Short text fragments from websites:
--- START ---
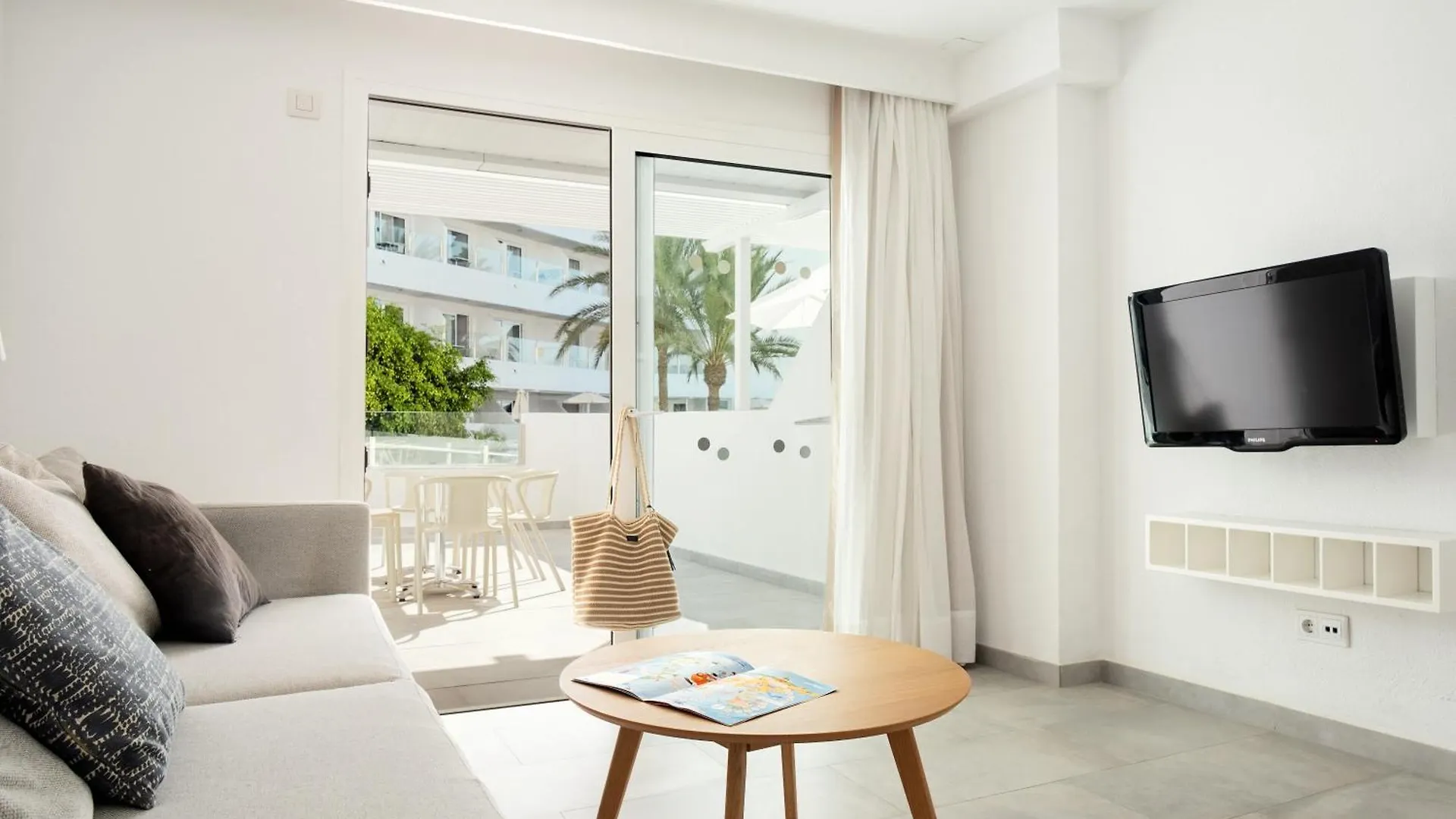 Sunwing Arguineguin Seafront Hotel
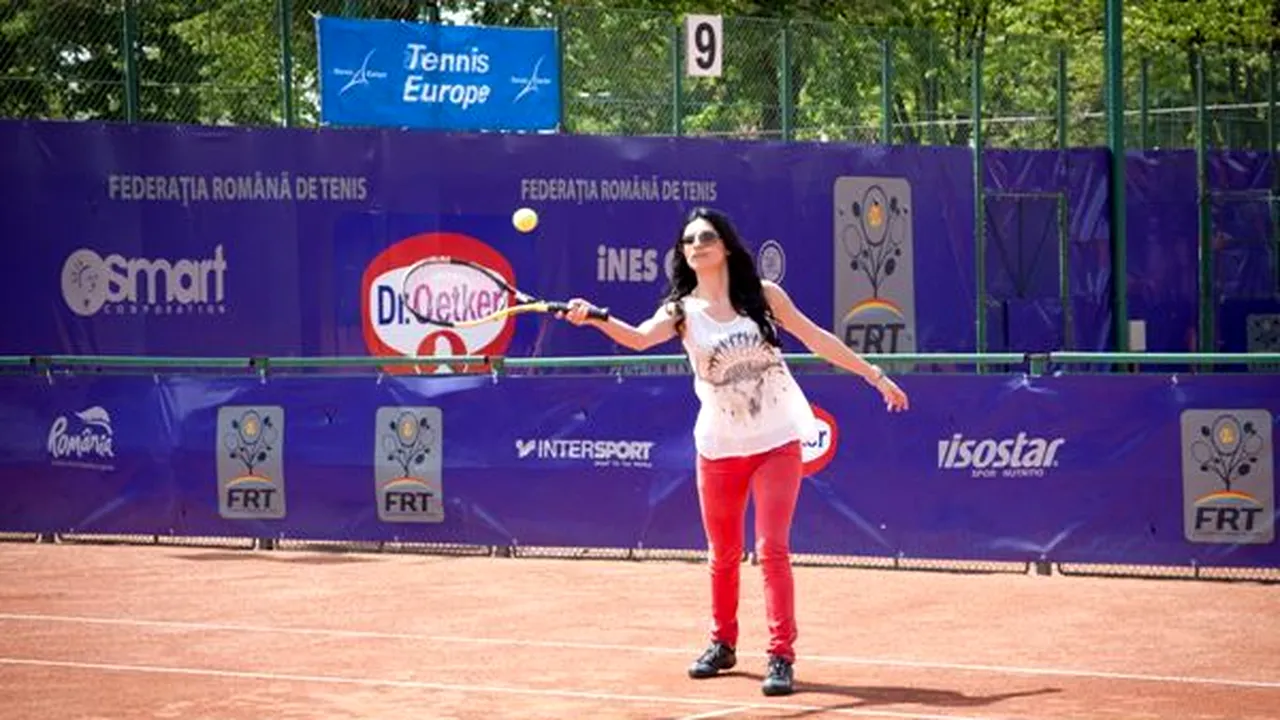 Cântăreața Ellie White a lăsat tocurile și a intrat pe terenul de tenis pentru a-l înfrunta pe campionul european de juniori, Bogdan Borza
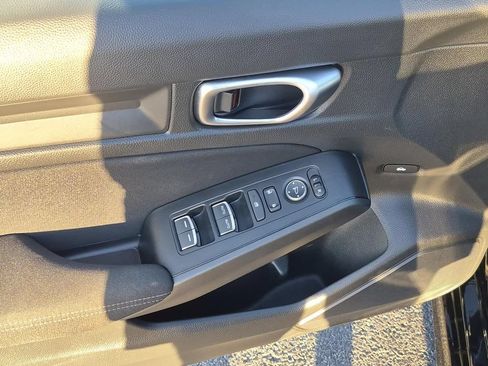 Used 2025 Honda Civic Sport image 12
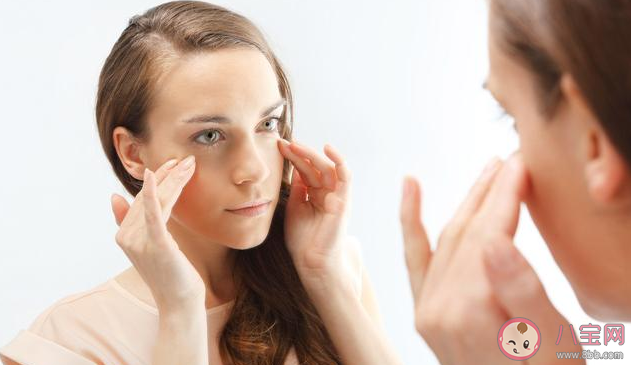 眼皮浮腫是怎么回事 眼皮浮腫和什么有關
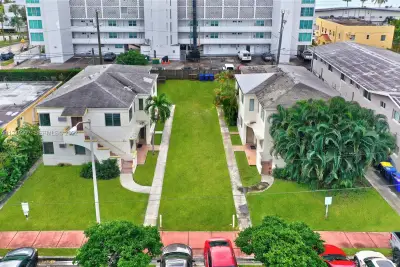1910 And 1920 Biarritz Dr, Miami Beach: photo 1 of 31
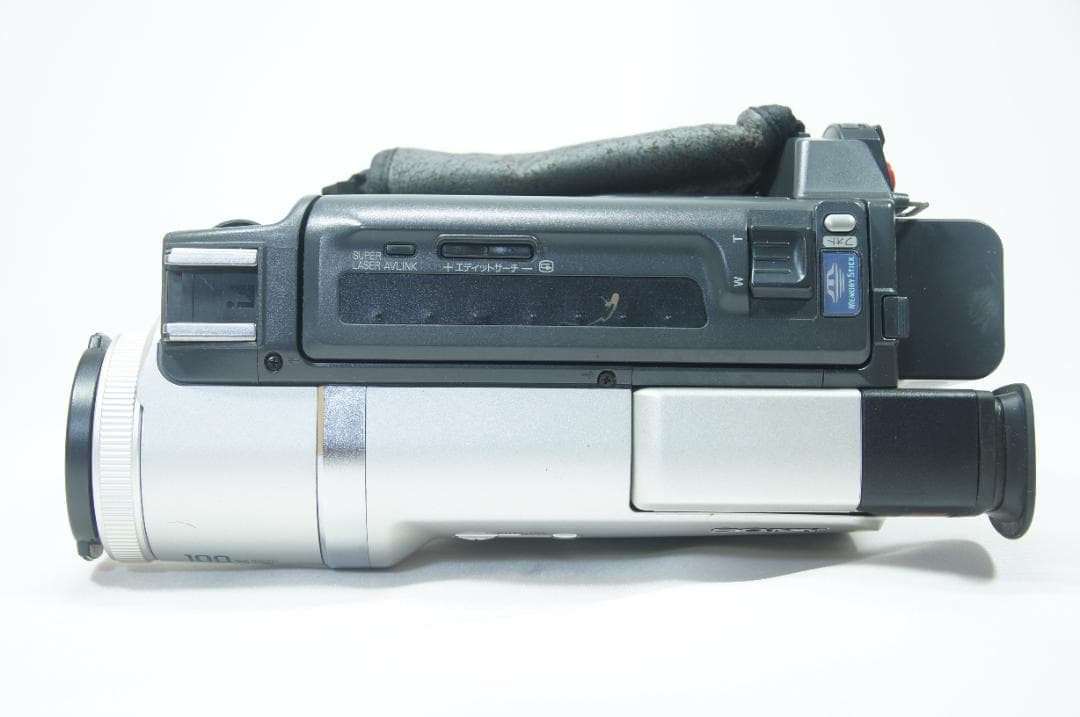 【動作品】 Sony Hi8 ビデオカメラ DCR-TRV225 バッグ付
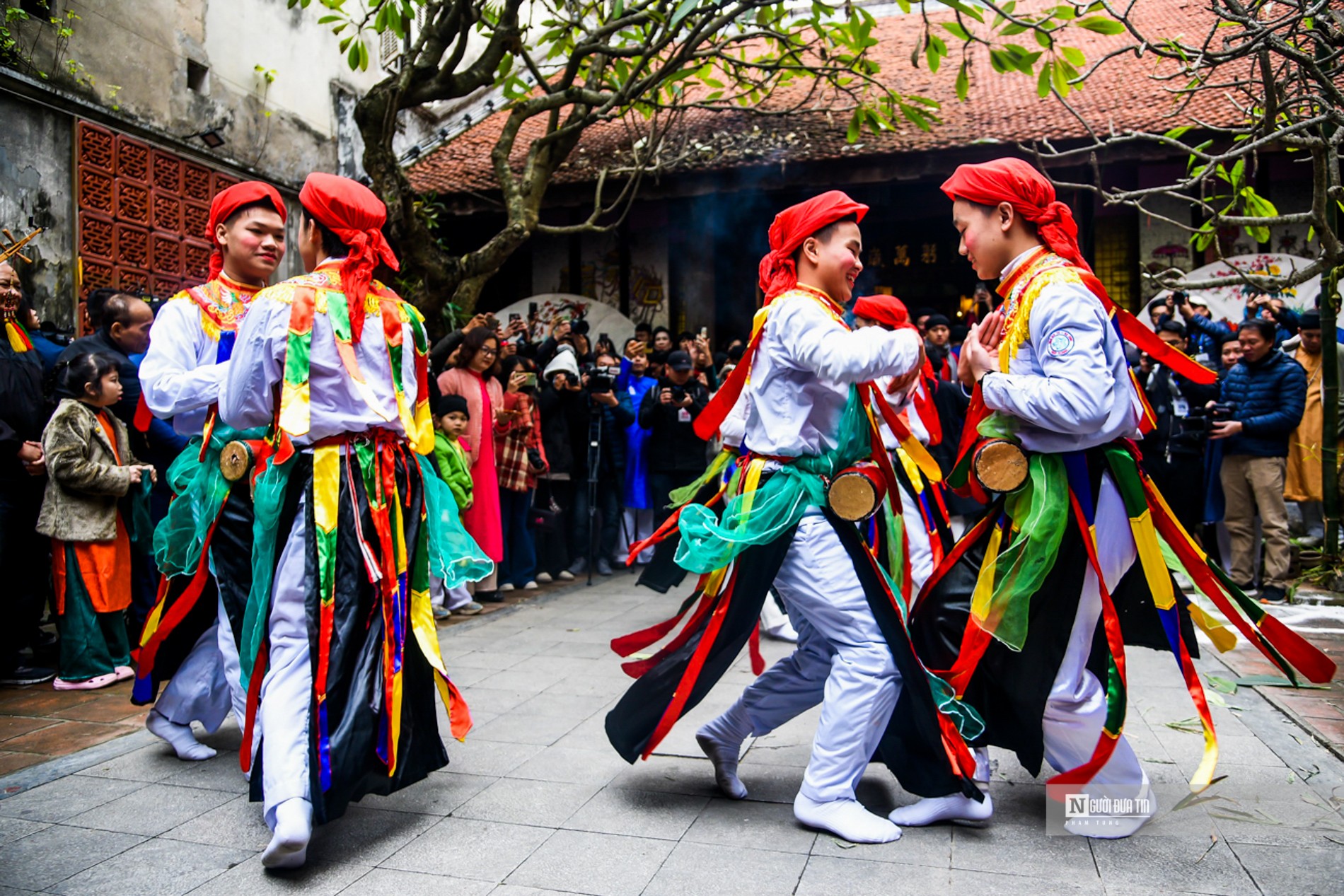 Dân sinh - Hàng nghìn người dân diện cổ phục rước lễ tại phố cổ (Hình 14).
--- END ---
WHAT YOU SHOULD DO: Would you repeat the entries exactly, keeping the images out?

OUTPUT:
 Sunwing Arguineguin Seafront Hotel
 Cântăreața Ellie White a lăsat tocurile și a intrat pe terenul de tenis pentru a-l înfrunta pe campionul european de juniori, Bogdan Borza
 Used 2025 Honda Civic Sport image 12
 眼皮浮腫是怎么回事 眼皮浮腫和什么有關
1910 And 1920 Biarritz Dr, Miami Beach: photo 1 of 31
 【動作品】 Sony Hi8 ビデオカメラ DCR-TRV225 バッグ付
 Dân sinh - Hàng nghìn người dân diện cổ phục rước lễ tại phố cổ (Hình 14).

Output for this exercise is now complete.